Es ging ein Däne nach Hollywood… Niels Arden Oplev, nach einem der besten Kinderfilme aller Zeiten, Der Traum, und der stilsichern Verfilmung von Verblendung, inszenierte mit Dead Man Down seinen ersten englischsprachigen Film. Mit unbedingten Willen zur stilistischen Inszenierung und einem verworren konstruierten Plot, der vom Zuschauer mehr Aufmerksamkeit verlangt als der durchschnittliche Rache-Thriller ist er ein passables, düsteres Vergnügen geworden, in seiner Unentschlossenheit zwischen genussvoller Zelebrierung seiner Twists und konventionellem Actionfilm aber auch etwas enervierend.

Victor (Colin Farrell) ist ein ungarischer Einwanderer, der sich nach einer Rettung in letzter Sekunde zu den wichtigsten Männern rund um den kriminellen Immobilienhai Alphonse (Terrence Howard) zählen darf. Dieser bekommt nämlich seit einiger Zeit mysteriöse Briefe und Zeichen, gern auch schon mal in der Hand eines ermordeten Handlangers, zugestellt, die auf seine Vergangenheit hindeuten. Zudem entpuppt sich das Date mit der nach einem Unfall entstellten Beatrice (Noomi Rapace) nur als Vorwand, um ihn zu erpressen, ist Beatrice doch im Besitz eines kompromittierenden Smartphonevideos von Victor. Ihr Anliegen: er soll den Mann töten, der dereinst betrunken ihren Wagen rammte, für ihre Verletzungen verantwortlich ist und mit nur drei Monaten Gefängnis davonkam. Victor wird also an mehreren Fronten gleichzeitig gefordert, obwohl er doch selbst eine geheime Agenda verfolgt, die seit zwei Jahren darauf wartet, in die Tat umgesetzt zu werden…

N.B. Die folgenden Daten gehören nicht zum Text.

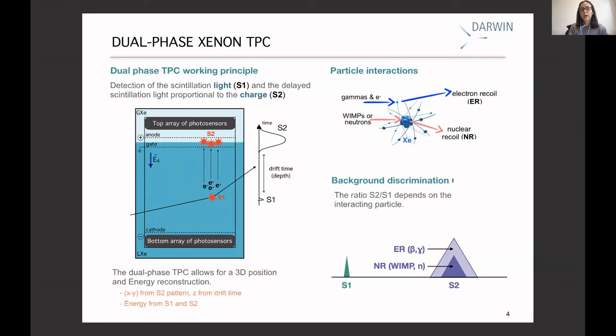When we talk about this TPC, we always distinguish between electron recoil and nuclear recoil — that is, whether an interaction happens with the electrons of an atom or with the nucleus. For WIMPs, we expect an interaction with the nucleus. The good thing about this detector is that by studying the ratio between S1 and S2, we can distinguish between these two kinds of interactions, because the size of S2 is higher for electron recoil.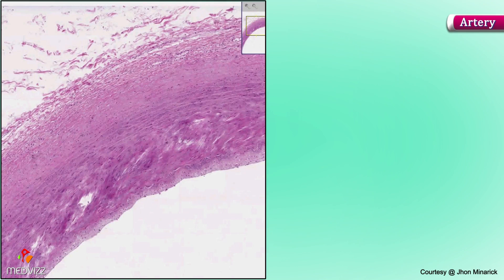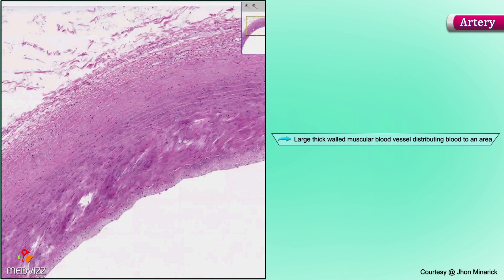Here is a typical artery. An artery is a large thick-walled muscular blood vessel distributing blood to an area rather than from it.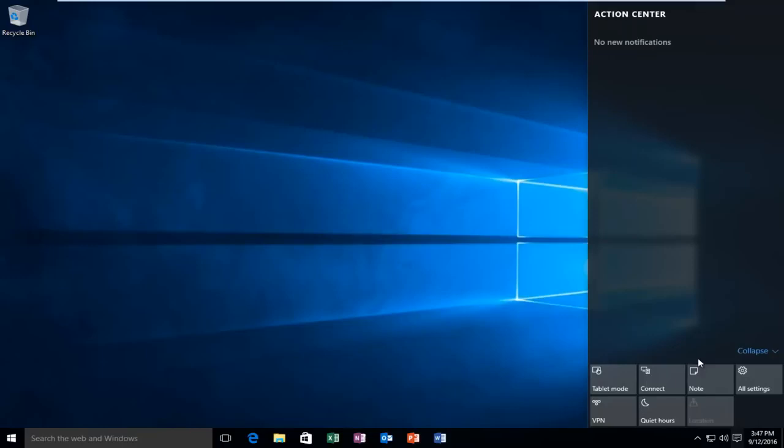So if for some reason you wanted to disable it, as if you were getting a lot of notifications and you didn't want to disable each individual app, we're going to be going through in this tutorial how to do it. So now I'm going to be showing also how to enable the Action Center as well.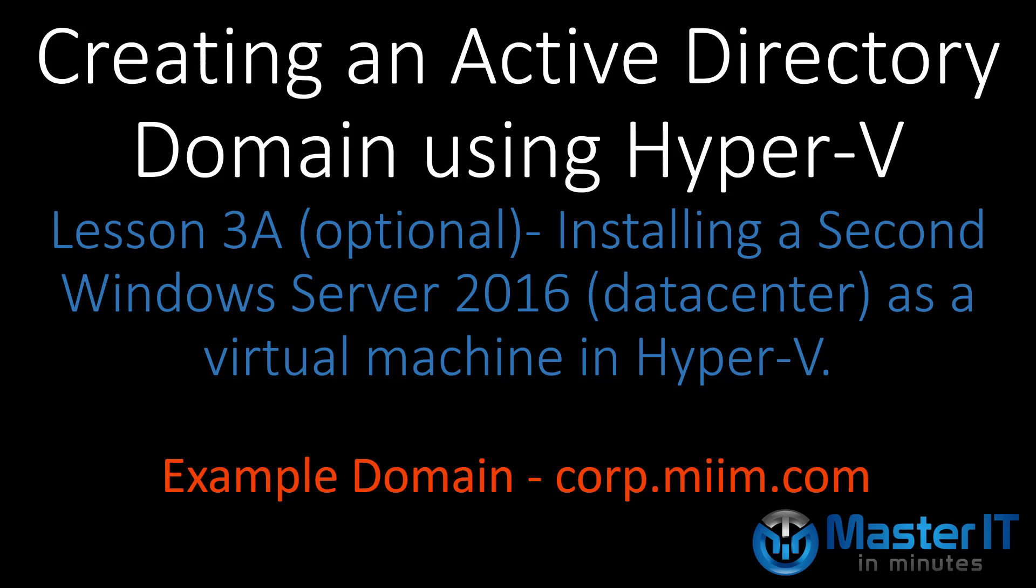In this lesson 3A optional video, I show you how to install the second Windows Server 2016 Datacenter Edition into Hyper-V to be used as our second domain controller.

Rache ist das zentrale Motiv des Films. Dabei lässt der Film zunächst nicht zu, dass es in dieser Hinsicht allzu plump zugeht sondern inszeniert Rache als Konzept, dass letztlich kaum Aussicht darauf hat, inneren Frieden zu stiften. Dass der Film letztlich doch den Rachegelüsten auch und gerade seiner Zuschauer nachkommt, wenn auch in einer Form, die Victor als Charakter nicht beschädigt, ist dann wohl eher den cineastischen Konventionen geschuldet. Es ist eine sowohl im übertragenden wie wahrsten Sinne des Wortes düstere Welt, die Oplev nach dem Drehbuch von J.H. Wyman (TV’s Fringe – Grenzfälle des FBI) auf die Leinwand bringt, in der ein Mord auch schon mal als einzig humaner Ausweg aus einer Situation daherkommt. Moralisch bleibt der Film stets auf der Seite von Victor und Beatrice und leuchtet die ambivalenten Gräben weniger aus als dass er sich für die Beziehung zwischen zwei Gebrochenen interessiert. Dies hat seinen ganz eigenen Charme und fast geht es zu schnell, dass sich die Beiden in einem Restaurant treffen, hat ihre Kommunikation von Balkon zu Balkon doch einen hübschen Reiz.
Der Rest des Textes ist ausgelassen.